The method is subsequently implemented onto a HSS tapered roller bearing within a wind turbine gearbox in the field to explore the variation of bearing lubrication condition with turbine operation. From the field measurements, all of the measurements taken at steady turbine operation (1550 RPM) are fully lubricated. It was found that majority of insufficiently lubricated and partially lubricated conditions and also instances of variation in lubrication conditions within the bearing loaded zone occur during transient turbine operation. Transient operation (0–1549 RPM) is a result of multiple turbine operating events such as generator-grid engagement [1], emergency turbine braking and pitching of blades during cut-out wind conditions. It is thought to occur around 3000 times per year for a turbine [1] and such events are typically accompanied with torque fluctuations, reversals [1,38,39] and overloading [40] in gearbox bearings, theorized to result in premature failure through white etching crack [41]. With the addition of lubrication issues alongside overloading instances during transient conditions, the risk of premature failure through other modes such as adhesive or abrasive wear, scuffing, and fretting also increased. Subsequently, adequate bearing lubrication at both transient and steady state operation is necessary to prevent premature bearing degradation.

6.2. Limitations and Assumptions

The lubrication detection method has several limitations which are discussed here. The method is straightforward as it relies on the difference in reflection coefficient values between a lubricated (steel–oil interface, R = 0.95) and unlubricated raceway surface (steel–air interface, R = 1), easily calculated through Equation (1). The resolution is thus limited to 0.05. In practice it just acts as an indicator as to whether there is oil present on the surface or not; i.e., only qualitative evaluation of lubrication condition is possible.
A proper selection of reference pulse is necessary to obtain the correct absolute reflection coefficient measurements. As two raceway interface conditions exist, i.e., steel–air and steel–oil, this is potentially problematic. If a reference was taken in within a steel–oil interface, the reflection coefficient will be offset. To alleviate this, the values will require multiplication of 0.95. The alternating patterns between the roller passes can be used for verification of the reflection coefficient values as they must exist between 0.95 and unity.
The minimum thickness of free surface lubricant film required to register a reflection coefficient of 0.95 is currently subject to further investigation. As explained in [30], it is theorized that with an increase in free surface film thickness, the reflection coefficient for a clean raceway surface will decrease from unity to 0.95. The frequency of the ultrasonic sensor will also have an effect as a free surface lubricant film smaller than one-tenth of the pulse wavelength (~60 microns) will not be registered and subsequently mirrors a steel-air condition (R = 1).
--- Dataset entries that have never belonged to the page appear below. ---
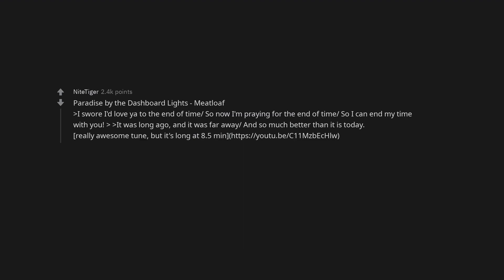Paradise by the Dashboard Light, Meatloaf. I swore I'd love you to the end of time, so now I'm praying for the end of time so I can end my time with you. It was long ago and it was far away and so much better than it is today. Really awesome tune, but it's long at 8.5 minutes.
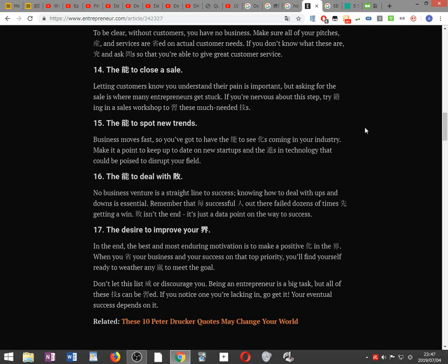The ability to deal with setbacks. No business venture is a straight line to success. Knowing how to deal with ups and downs is essential. Remember that every successful person out there failed dozens of times before getting a win. Failure is just a data point on the way to success.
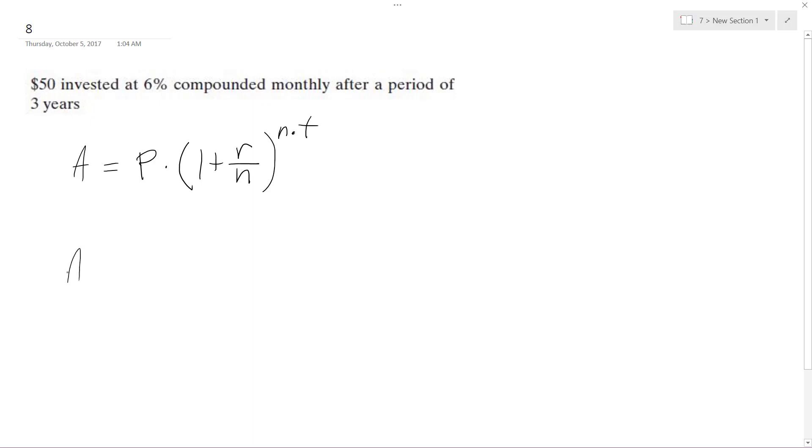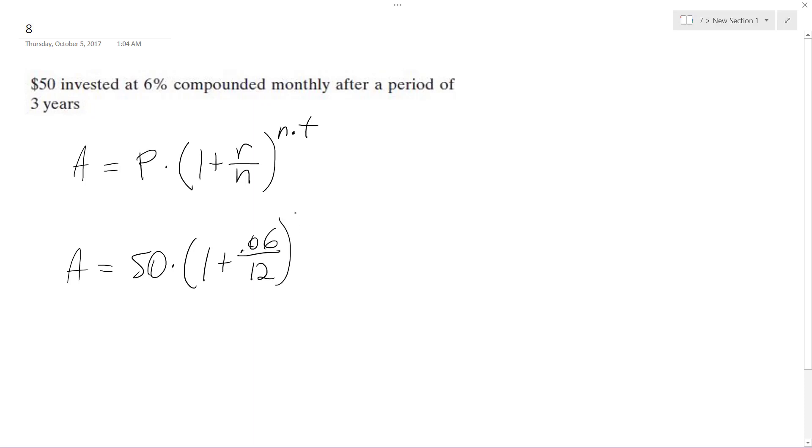So our total amount is going to be equal to 50 bucks times one plus the rate, which is 0.06 over monthly, 12 times 12, which is the number of times a year, times the total of years, which is 3. So this is 50 times one plus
The use of multiple longitudinal sensors of varying frequencies could help with the determination the free surface film thickness through the resonance dip method [31]. The range of free surface film thickness currently observed within both laboratory and field bearings are outside of the resonance response of the bandwidth for a 10 MHz sensor. By implementing multiple sensors, the free surface film thickness corresponding to the range of R values from unity to 0.95 can be quantified. This subsequently allows for quantitative determination of the lubricant film thickness inlet and outlet region of each individual rollers within a bearing.

7. Conclusions

An ultrasonic reflection coefficient-based method has been used for in-situ detection of bearing lubrication condition through qualitative means. The method was successfully implemented onto a full-scale laboratory planetary bearing test rig and also within a field operational HSS gearbox bearing. Recurring reflection coefficient patterns between roller passes were used to identify the lubrication condition of the raceway, and the speed at which swept away oil reflowed back into place. An absence of these recurring patterns between roller passes indicated the absence of lubricant on the bearing surface. Key findings of this investigation include:
  • The lubricant reflow time was found to be positively influenced with increasing bearing rotational speed and lubricant viscosity and negatively with bearing load.
  • Three bearing lubrication conditions were observed from the field measurements: fully, partially, and insufficiently lubricated.
  • Unique features within the reflection coefficient histogram measurements for each lubrication condition enabled automatic categorization of field datasets.
  • For medium (500–1000 RPM) and high (1001–1550 RPM) rotational speeds, most datasets were fully lubricated.
  • Partially lubricated and insufficiently lubricated measurements were found to be recorded mostly during transient operation, with rotational speeds of ~200 RPM and HSS temperatures close to idle (53 °C, 0.5 °C higher than idle shaft temperature).
  • As transient operation is often accompanied with overloading and torque reversals, issues with bearing lubrication could potentially risk premature failure through modes such as adhesive or abrasive wear, scuffing, and fretting. Thus, it is crucial that sufficient lubrication is provided to the bearings at both transient and steady-state turbine operation to avoid premature bearing failure.

Author Contributions

G.N.: Conceptualization, Data curation, Formal analysis, Investigation, Methodology, Writing—original draft, Writing—review and editing, Visualization. B.P.C.: Conceptualization, Investigation, Methodology, Project administration, Resources. R.S.D.-J.: Funding acquisition, Project administration, Resources, Supervision, Writing—review and editing. All authors have read and agreed to the published version of the manuscript.

Funding

The authors would like to acknowledge the financial support of the Engineering and Physical Sciences Research Council for part funding this research through RDJ’s fellowship on Tribo-Acoustic Sensors EP/N016483/1 and the Centre for Doctoral Training in Integrated Tribology EP/L01629X/1. This project has also been carried out within the Powertrain Research Hub, PTRH co-funded by the Offshore Renewable Energy Catapult. The authors would also like to acknowledge their help and support.

Institutional Review Board Statement

Not applicable.

Informed Consent Statement

Not applicable.

Acknowledgments

The laboratory gearbox bearing test is the property of Ricardo Plc., the authors are grateful for the loan.

Conflicts of Interest

The authors declare no conflict of interest.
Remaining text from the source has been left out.